* **TASK**:
A picture-free, exact reproduction of the listing that follows is required.

* **INFORMATION PROVIDED**:
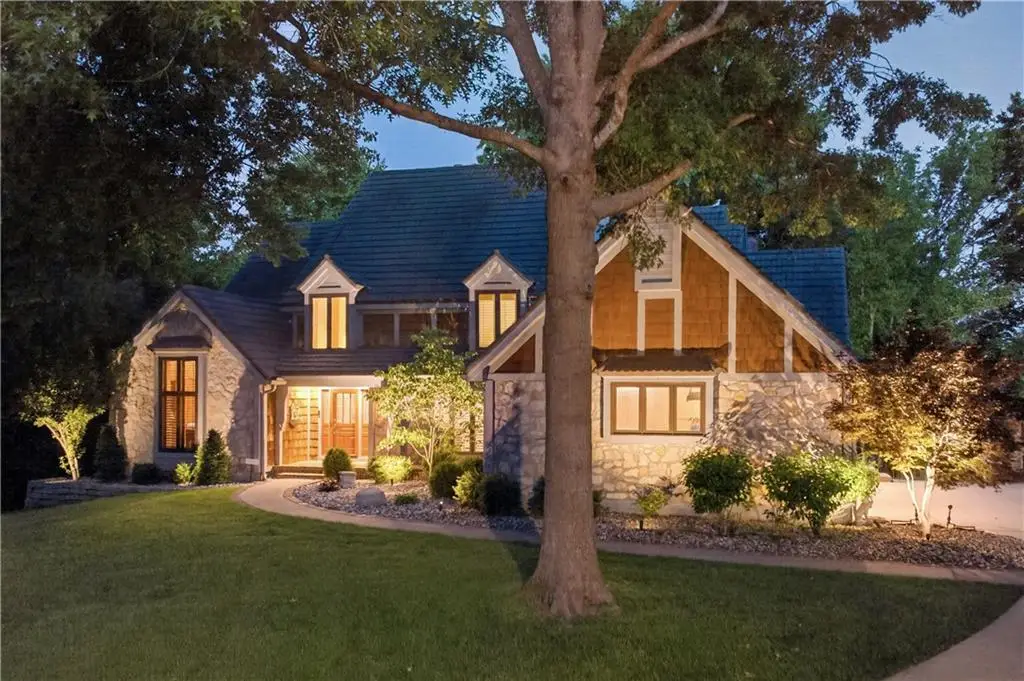 10703 W 124 Street, Overland Park, KS 66213 - #1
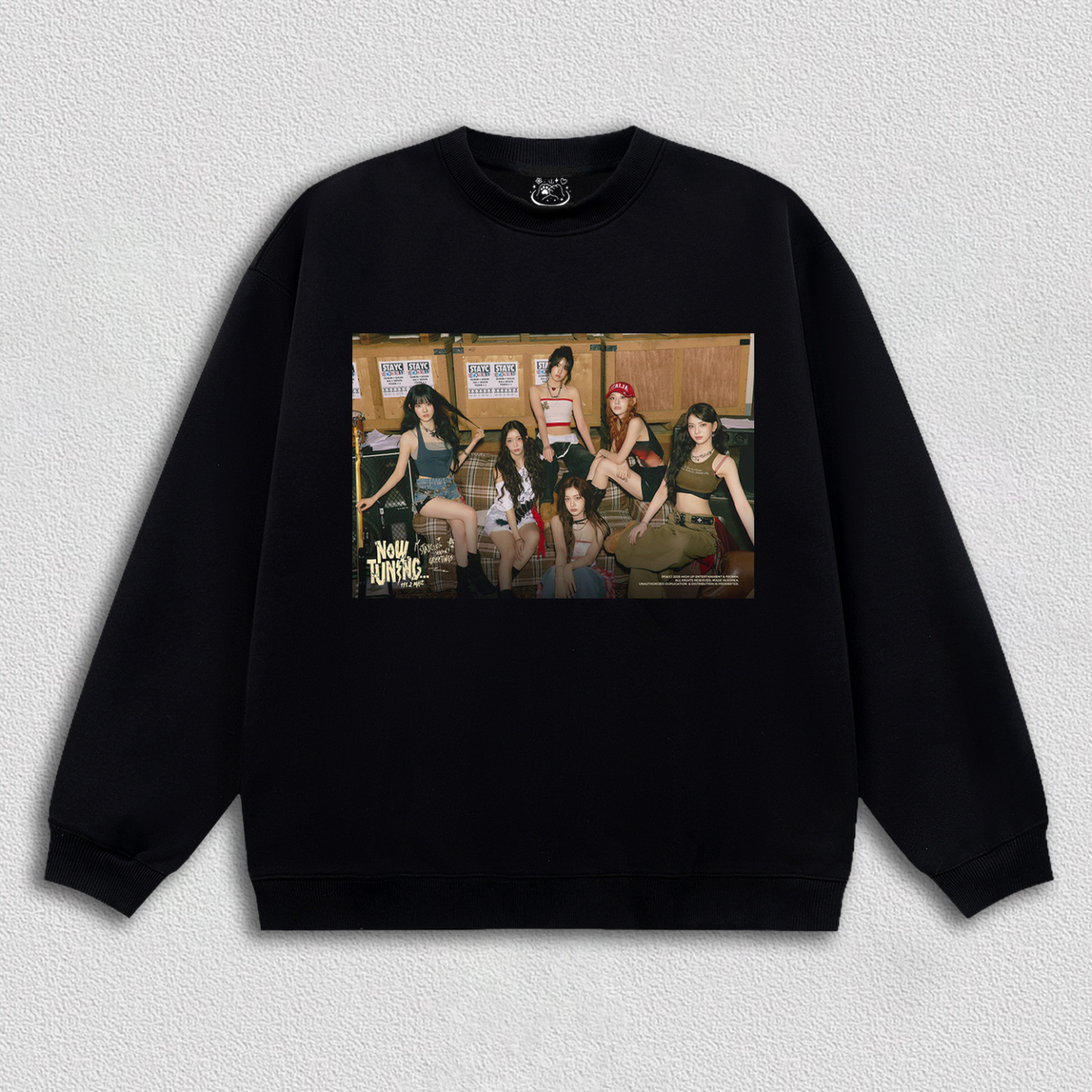 STAYC Now Tuning 111.2 MHz-2 HOODIES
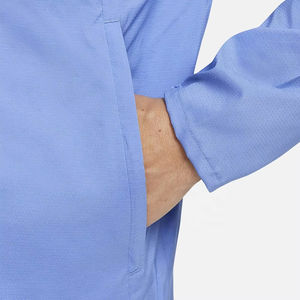 Veste de travail imperméable coupe-vent vintage bleu ciel pour homme avec logo personnalisé, veste décontractée zippée pour le sport et les activités de plein air - Product Image 4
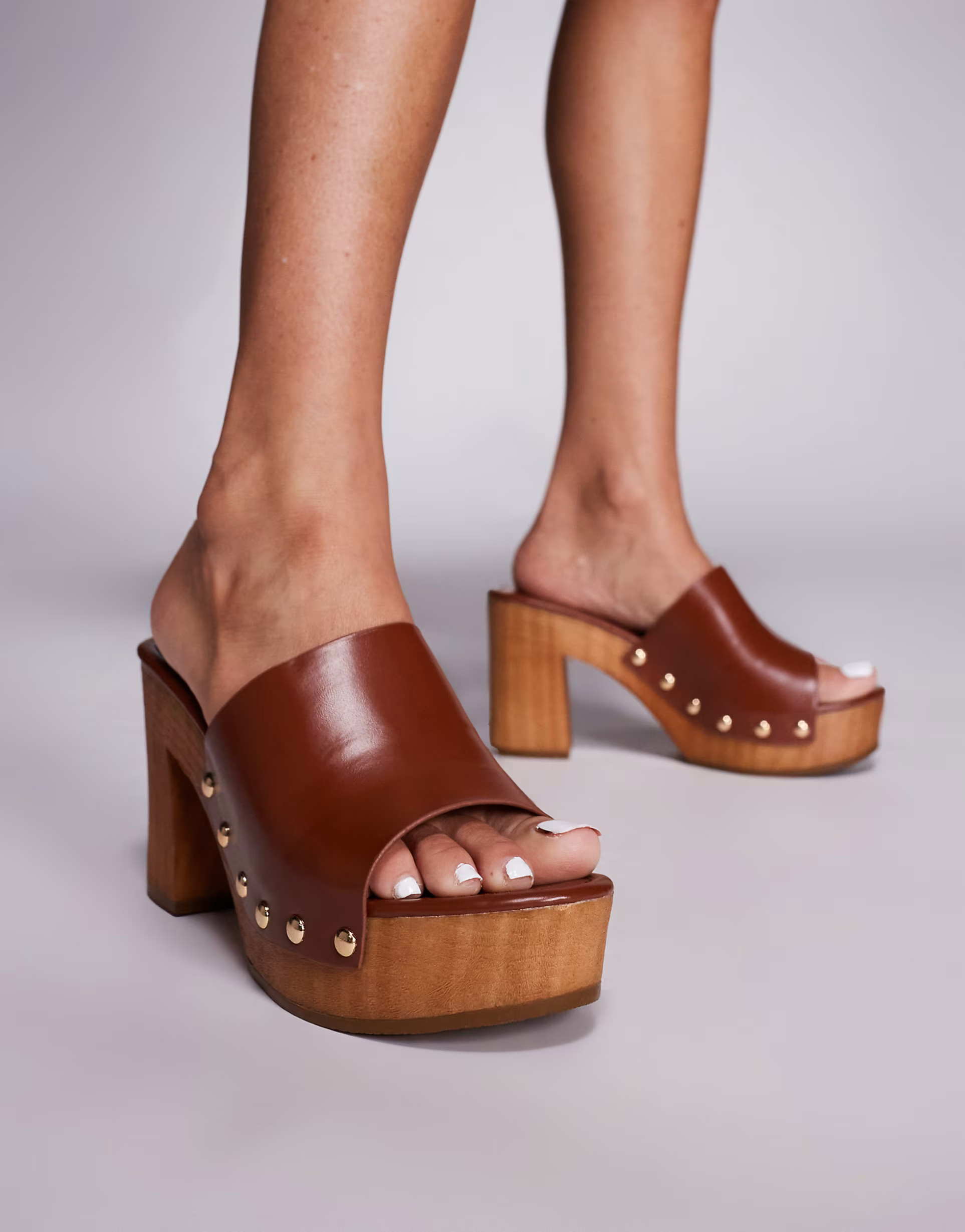 Public Desire Dutchie mule sandals in Tan | ASOS | ASOS (Global)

* **TASK OUTPUT**:
 10703 W 124 Street, Overland Park, KS 66213 - #1
 STAYC Now Tuning 111.2 MHz-2 HOODIES
 Veste de travail imperméable coupe-vent vintage bleu ciel pour homme avec logo personnalisé, veste décontractée zippée pour le sport et les activités de plein air - Product Image 4
 Public Desire Dutchie mule sandals in Tan | ASOS | ASOS (Global)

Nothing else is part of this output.